La versione di Placido Domingo

In un'intervista su Repubblica il tenore accusato di molestie sessuali sostiene che la sua ammissione di responsabilità sia stata forzata dai giornali

(Phillip Faraone/Getty Images for Musco Center for the Arts at Chapman University)
(Phillip Faraone/Getty Images for Musco Center for the Arts at Chapman University)

In un’intervista data a Giuseppe Videtti di Repubblica, Placido Domingo – il cantante d’opera più famoso del mondo – ha estesamente parlato giovedì delle accuse di molestie sessuali che gli sono state rivolte pubblicamente nell’ultimo anno, e in particolare ha cercato di trasmettere una sua versione su quelle accuse che sta in equilibrio tra un’ammissione di rammarico e un rifiuto di accettarle così come sono state presentate. In particolare Domingo attribuisce a sintesi sbrigative dei giornali di alcune sue dichiarazioni la responsabilità di averle fatte passare come confessioni e ammissioni di colpa, e cerca di sintetizzare così: «se guardo indietro, non vedo situazioni in cui il mio comportamento possa aver lasciato ferite aperte. Ma se mi fossi accorto di aver offeso qualcuno – soprattutto una donna – avrei cercato di rimediare all’istante» e «di forzature o ricatti non ne ho mai fatti. Chi mi conosce sa che la parola “abuso” non è nel mio vocabolario».

Di quale equivoco parla?
“La presunzione di innocenza nei miei confronti è crollata quando sulla stampa è arrivato il testo delle mie scuse, che era stato redatto secondo le precise richieste dell’Agma e che nelle intenzioni doveva accompagnare le conclusioni della loro indagine interna rese pubbliche il 25 febbraio, invece di essere estrapolate da Associated Press dodici ore prima (per la succitata fuga di notizie, ndr)”.
Vuol dire che i risultati strillati dalla stampa non corrispondono con gli atti ufficiali dell’Agma?.
“Purtroppo no.
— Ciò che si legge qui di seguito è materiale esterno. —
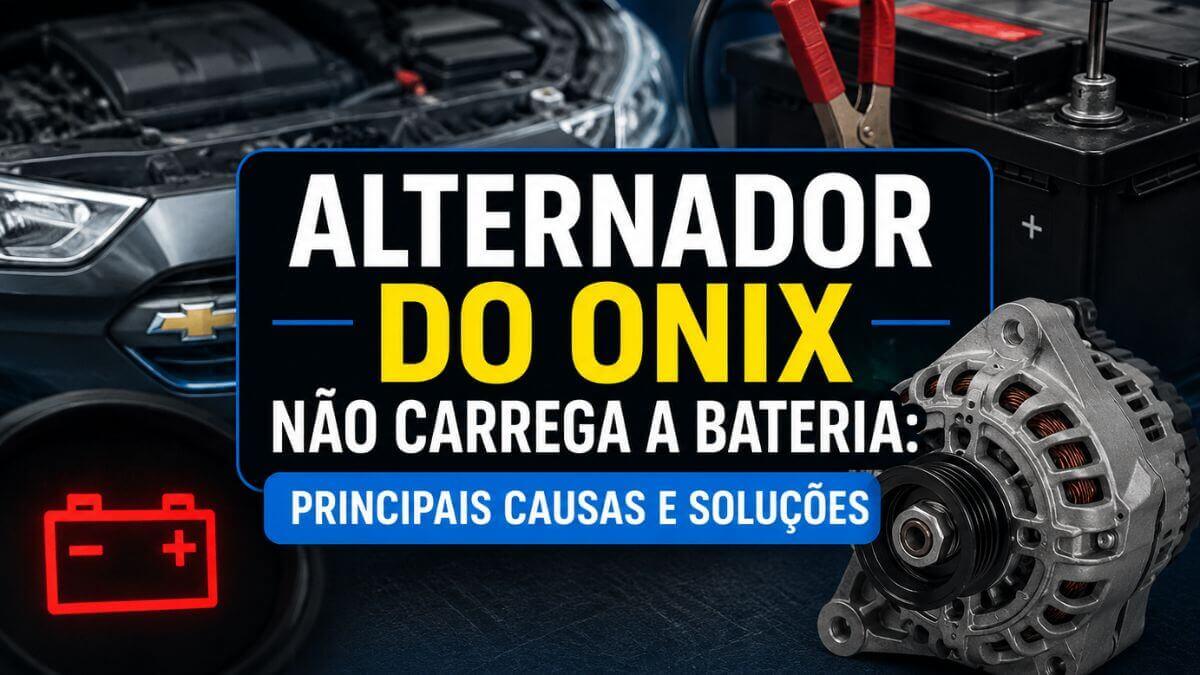 Alternador do Chevrolet Onix não carregando a bateria, com alternador, bateria e motor do carro em destaque.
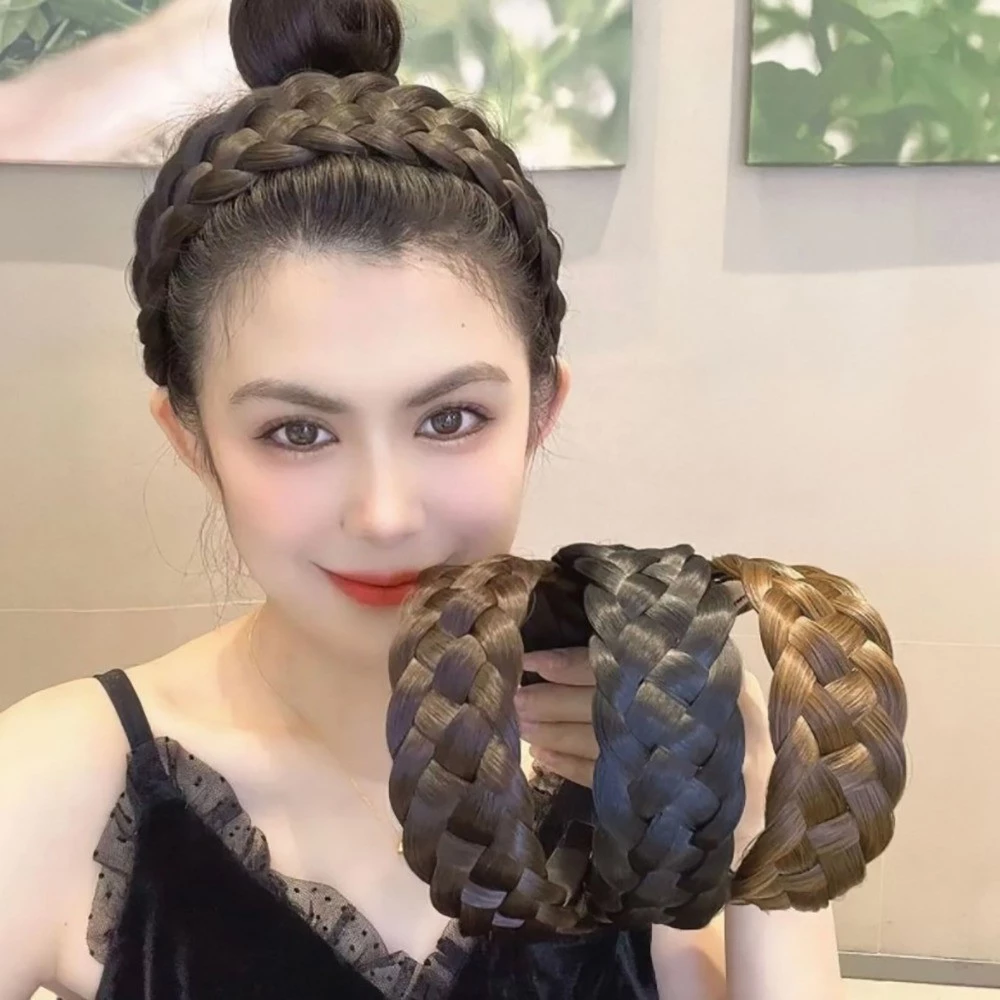 🔥เรือจากประเทศไทย🔥ผู้หญิงปีกกว้างถักเปียที่คาดผมหนาวิกผมที่คาดผมบิดอุปกรณ์เสริม เครื่องประดับผมถักกันลื่น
E purtroppo la prima conseguenza è stata che nel giro di poche ore, sempre il 26 febbraio, il ministro della Cultura del mio Paese ha preso la decisione, insieme alla presidente di Inaem (Istituto nazionale arti sceniche e musica), di cancellare il mio spettacolo al Teatro de la Zarzuela di Madrid, citando fonti di stampa, senza chiedermi chiarimenti e senza aver letto gli atti ufficiali dell’Agma. Secondo loro le mie scuse erano un’implicita ammissione di colpevolezza; nessuna presunzione d’innocenza, dovevo essere allontanato”.
Immagino si riferisca alle impressioni generate – come dice nella sua dichiarazione del 27 febbraio scorso – dalle scuse in alcuni articoli che parlavano delle indagini dell’Agma.
“Esattamente”.
Lei aveva già chiesto scusa un anno fa. Perché sei mesi dopo le sue scuse sono state giudicate come una piena ammissione di colpevolezza?
“Perché il testo, che assomigliava a un mea culpa, si prestava moltissimo a quell’interpretazione, e soprattutto perché è stato pubblicato fuori contesto, cioè senza specificare che rientrava nelle precise richieste e nelle conclusioni dell’indagine promossa dall’Agma”.
Si è parlato di una fuga di notizie…
“È vero, perché il cosiddetto “mea culpa” del 24 febbraio è stato mandato direttamente alla giornalista di Associated Press, che lo ha pubblicato ben 12 ore prima che l’Agma rendesse pubblico il risultato ufficiale. La giornalista mi accusa di abuso di potere, ma il risultato delle indagini, reso noto successivamente, non ne fa alcuna menzione. Poche ore dopo è uscito un secondo articolo del Los Angeles Times firmato da un’altra giornalista di Associated Press che ha partecipato all’inchiesta contro di me, dal titolo: “Sono dispiaciuto per le sofferenze causate. Me ne assumo la piena responsabilità”. Se ne evince un’ammissione di colpevolezza”.
Così un’informazione distorta è diventata la realtà dei fatti.
Sì, purtroppo”.
In concreto l’indagine dell’Agma conclude che ci sarebbero stati comportamenti inappropriati che vanno dal flirt alle molestie dentro e fuori il posto di lavoro. Le hanno comunicato su che basi e con quali prove sono arrivati a questa conclusione?
No, perché non ci sono prove documentali. Ci sono testimonianze rese da donne a cui era dovuto il rispetto dell’anonimato. Nella ricostruzione dei fatti mancavano dettagli che mi aiutassero a identificare chi mi accusava”.